KASIM AYI İÇİN UYARI İŞARETLERİ
Yine WSJ’de yayımlanan başka bir analizde ise Donald Trump için New Hampshire ön seçimlerinin, zaferin yanı sıra bir dizi tehlike işareti de sunduğuna dikkat çekildi. Yazıda şu noktalara dikkat çekildi:
“Eski Başkan, Cumhuriyetçi ön seçimlerinde Nikki Haley karşısında aldığı güçlü galibiyetle, Cumhuriyetçi Partinin çekirdek seçmenlerinin önemli bir kısmının hâlâ kendisiyle birlikte olduğunu ve parti adaylığına doğru ivmesinin arttığını gösterdi. Ancak New Hampshire sonuçları aynı zamanda Trump’ın kasım ayında yapılacak genel seçimlerde kendisine sorun yaratacak kadar Cumhuriyetçiyi ve bağımsız seçmenlerin önemli bir kısmını kaybetme riskiyle karşı karşıya olduğunun da sinyallerini verdi. Her adayın ilk görevi partiyi birleştirmektir. Ancak AP-VoteCast’in ön seçim seçmenleri arasında yaptığı ankete göre New Hampshire’da oy kullanan Cumhuriyetçilerin yüzde 21’i Trump’ın aday olmasından memnun olmayacaklarını ve kasım ayında ona oy vermeyeceklerini söyledi. Benzer şekilde, geçen hafta Iowa’daki parti seçimlerine katılan Cumhuriyetçilerin yüzde 15’i genel seçimlerde Trump’ı desteklemeyeceklerini söyledi. Ancak Demokratlar aylardır büyük ölçüde genç ve azınlık seçmenler arasındaki düşük coşku nedeniyle Biden’ın koalisyonunun yıpranmasından endişe ederken, GOP aday belirleme yarışmalarından gelen ilk sinyaller Cumhuriyetçilerin de seçmen koalisyonlarını bir arada tutmakta zorlanabileceğini gösteriyor.
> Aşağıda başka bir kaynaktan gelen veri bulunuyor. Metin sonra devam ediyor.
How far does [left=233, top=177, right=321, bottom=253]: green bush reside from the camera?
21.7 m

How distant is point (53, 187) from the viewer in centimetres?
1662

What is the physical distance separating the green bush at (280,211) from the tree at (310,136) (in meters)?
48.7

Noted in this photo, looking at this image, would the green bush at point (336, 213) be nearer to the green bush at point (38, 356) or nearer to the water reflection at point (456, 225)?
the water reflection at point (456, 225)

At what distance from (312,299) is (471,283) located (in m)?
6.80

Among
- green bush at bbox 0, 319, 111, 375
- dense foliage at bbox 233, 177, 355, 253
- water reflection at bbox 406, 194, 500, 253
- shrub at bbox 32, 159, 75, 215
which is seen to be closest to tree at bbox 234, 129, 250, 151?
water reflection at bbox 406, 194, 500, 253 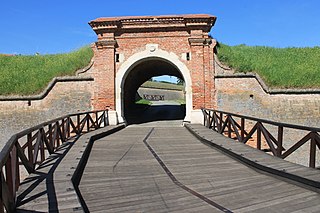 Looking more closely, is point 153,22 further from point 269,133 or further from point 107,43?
point 269,133

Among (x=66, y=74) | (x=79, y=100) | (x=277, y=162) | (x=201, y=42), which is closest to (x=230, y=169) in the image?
(x=277, y=162)

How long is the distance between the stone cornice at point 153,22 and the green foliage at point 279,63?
1.80 meters

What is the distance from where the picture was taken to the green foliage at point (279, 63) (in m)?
14.1

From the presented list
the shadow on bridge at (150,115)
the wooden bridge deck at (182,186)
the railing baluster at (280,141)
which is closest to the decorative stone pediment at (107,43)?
the shadow on bridge at (150,115)

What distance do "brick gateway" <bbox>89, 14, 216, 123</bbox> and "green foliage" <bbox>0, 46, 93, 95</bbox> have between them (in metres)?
1.58

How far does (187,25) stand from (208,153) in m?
A: 7.95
Partiler genellikle ön seçim sezonunda, sonunda iyileşen çatlaklar geliştirir, ancak Trump evrensel olarak tanınması ve birçok seçmen arasında onun hakkındaki görüşlerin yıllardır sabit olması nedeniyle alışılmadık bir figür. Bu da parti içindeki Trump şüphecilerini onu desteklemeye ikna etmenin daha zor olabileceğini gösteriyor. Dahası Trump, New Hampshire’da GOP ön seçimlerinde oy kullanmayı tercih eden bağımsız seçmenlerin yüzde 31’inin oyunu alarak adaylığı için bir başka sarı uyarı ışığı yaktı. AP’nin VoteCast araştırmasına göre Trump 2020’de bağımsızların yüzde 37’si gibi daha yüksek bir oranını kazanmış ama yine de seçimi kaybetmişti. New Hampshire’daki Cumhuriyetçi ön seçimlerinde bağımsız seçmenlerin yüzde 68’i, aday olması halinde kasım ayında Trump’a oy vermeyeceklerini söyledi.
Kaliforniya’da bir Cumhuriyetçi stratejist olan Mike Madrid, “Adaylıktan çekilmeler, asıl öldürücü olan bu” diyor: “Bir zayıflık sorunu var. Cumhuriyetçi tabanla sorununun ne kadar büyük ya da küçük olduğunu tartışabilirsiniz ama tartışamayacağınız bir şey varsa o da bu sorunun 2020’dekinden daha büyük olduğu ve 2020’de kaybettiğidir.”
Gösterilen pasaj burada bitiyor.